2021.06.17 ブログ
相続対策による不動産購入における留意点を判例から読む。
近年、金融機関、不動産業者や税理士主導で、相続対策という名のもとに、不動産を販売するケースがよく見られます。こちらについては、今までは、相続発生(被相続人の死亡)後に売却をして、すぐに現金化することにより、相続税を不当に下げているという事で、税務当局から指摘を受け、相続時の評価額を更正されるというものでした。しかし、最近の東京地裁令和2年11月12日判決において、相続後、不動産を売却していないのにもかかわらず、更正処分等を受けたという判例がありました。
目次
判例の概要
判例の概要は以下の通りです。
・平成24年4月頃から,銀行との間で相続税対策についての相談が開始
・同年5月,相続税額の総額を計算した相続税概算計算書を銀行から受領
・平成25年6月,被相続人が肺がんにり患していることが発覚
・同年6月6日,銀行支店担当者から,節税対策として即効性ある中古物件の購入を勧奨され,物件の紹介を受けることを決定
・同年6月19日,業者不動産を紹介され,購入により相続税評価額が約9億円減少し,相続税を約3億円圧縮できる旨の説明
・同年7月12日,銀行支店及び業者担当者らとの打合せで,不動産購入を決め,価格交渉の結果,売買価額を15億円とする買付証明の差入
・同年7月25日,業者との間で,不動産を15億円で購入する旨の売買契約を締結
・同年8月20日,銀行から,賃貸不動産購入資金として,15億円を借入
・同日,不動産につき,売買を原因とする所有権移転登記
・同年9月16日,89歳で死亡
・平成26年7月1日,相続税申告(当初申告)
・平成27年8月14日,被相続人の配偶者死亡
・平成28年11月14日,対象土地以外の土地の評価誤りにつき修正申告
・平成29年11月22日,東京国税局内で評価通達6※に基づく評価を行う旨上申
・平成30年5月28日,更正処分等
財産評価基本通達6とは?
判例の概要中に出てくる評価通達6とは、正式には、財産評価基本通達6であり、ここには、どういう事が書いてあるかというと、以下の通りです。
財産評価基本通達6 この通達の定めにより難い場合の評価 この通達の定めによって評価することが著しく不適当と認められる財産の価額は、国税庁長官の指示を受けて評価する。
そもそも財産評価基本通達とは、相続時のあらやる相続財産の評価方法を細かく記載されている通達になります。
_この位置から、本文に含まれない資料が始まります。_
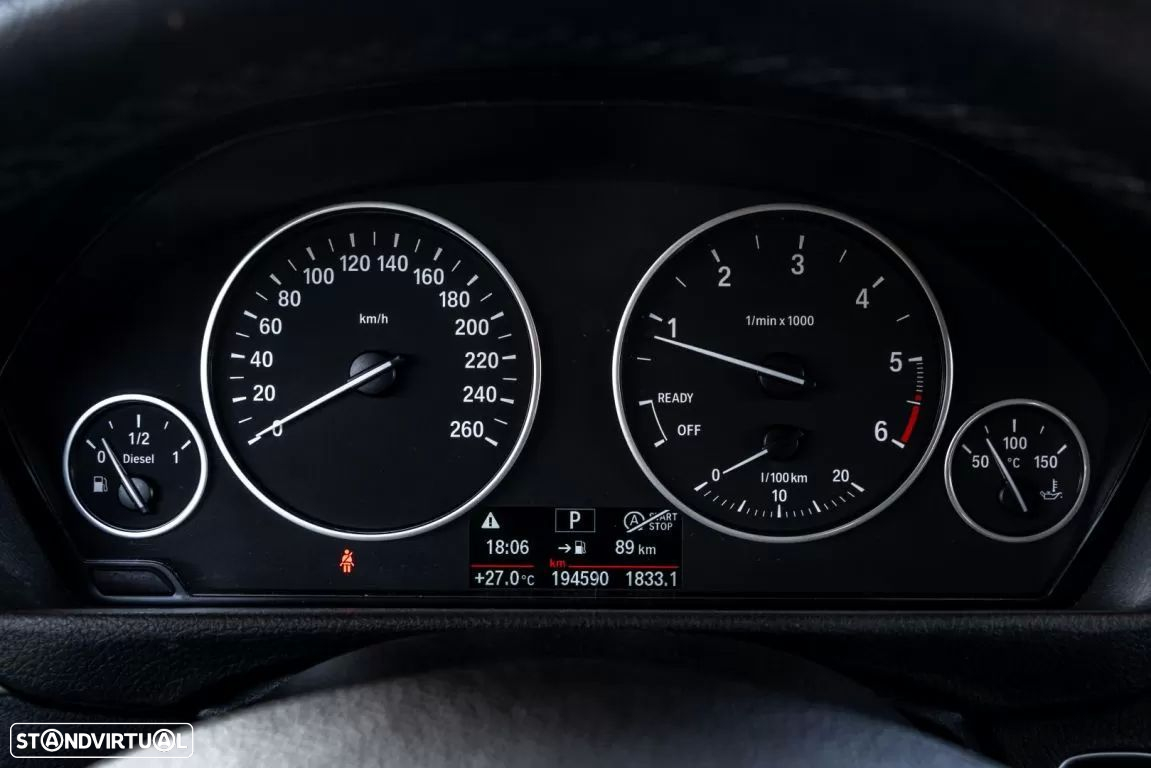 BMW 320 d Touring Auto - 11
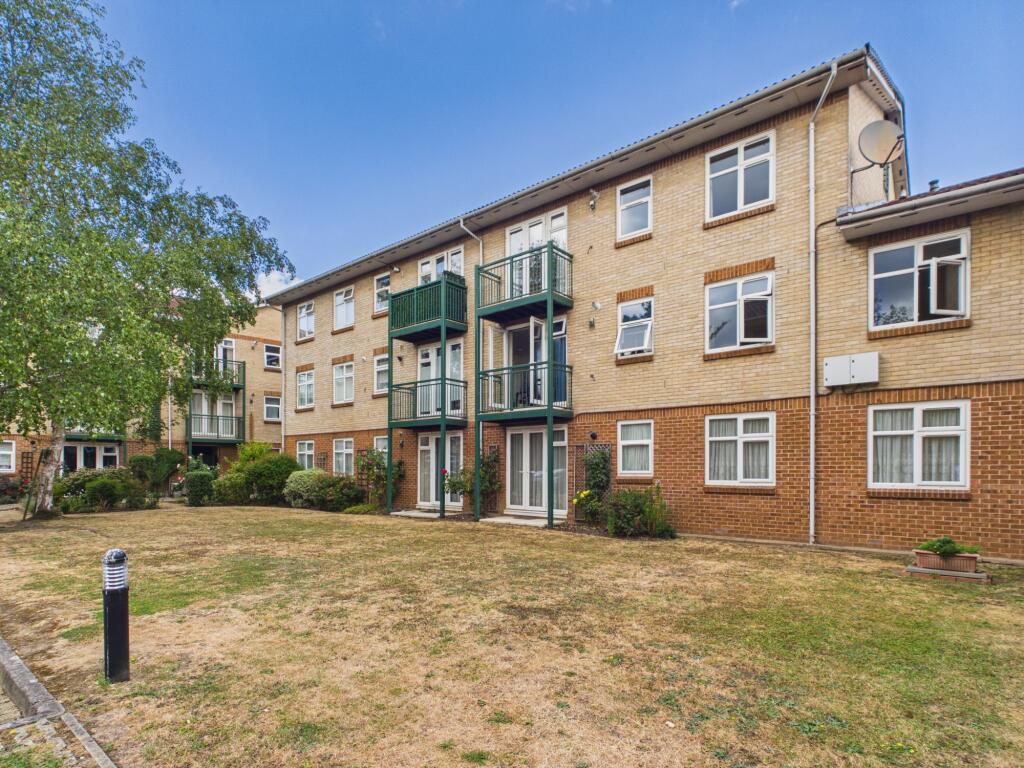 Main image of property: Hyde Court, Friern Barnet Lane, Whetstone, N20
この財産評価基本通達で記されている方法で評価することが著しく不適当であれば、国税庁長官が決めれるという事が記載されている内容になります。従いまして、今回の案件の様に、時価と相続税評価額が著しく乖離している場合には、更正処分等を行えますよといった内容です。
相続発生後に売却しなくても、税務上否認されるリスクが生じてきた!?
今回の案件は、銀行主導で行われており、相続対策で不動産を購入したというのが、銀行の融資の稟議書に残っていたのではとの事です。もちろん、被告は、これに対して、銀行内部で稟議を通すため、あるいは、営業トークとしてと主張しましたが、裁判所には、当然ながら否認されています。争点としては、相続対策であったか否かなどかと思います。他の同様な事案においては、被相続人の意思能力の有無などが争点になったりすることもあります。
過去の判例においては、相続発生後に不動産が売却されて、あくまで相続税を軽減するために不動産を購入したことがあからさまだと、更正処分を行われたという事案が多かったのですが、今回の判例は、売却していなくても相続対策で買ったという事が立証されただけで、更正処分が行われました。
相続開始後4年経過してからの更正処分
当職の肌感覚ではありますが、相続税の税務調査は、通常、申告書を提出してから、1年ないしは2年以内には、実施されるイメージがあります。今回の案件は、4年経ってからの更正処分となっているところをみると、当初申告では、税務当局に気付かれていなく、配偶者の相続発生後に修正申告を行っており、その際に違和感を感じて、更正処分まで至ったのではないかと推測できます。これを踏まえると、当初申告でミスのない申告書を作成することが、一番の相続対策なのかもしれません。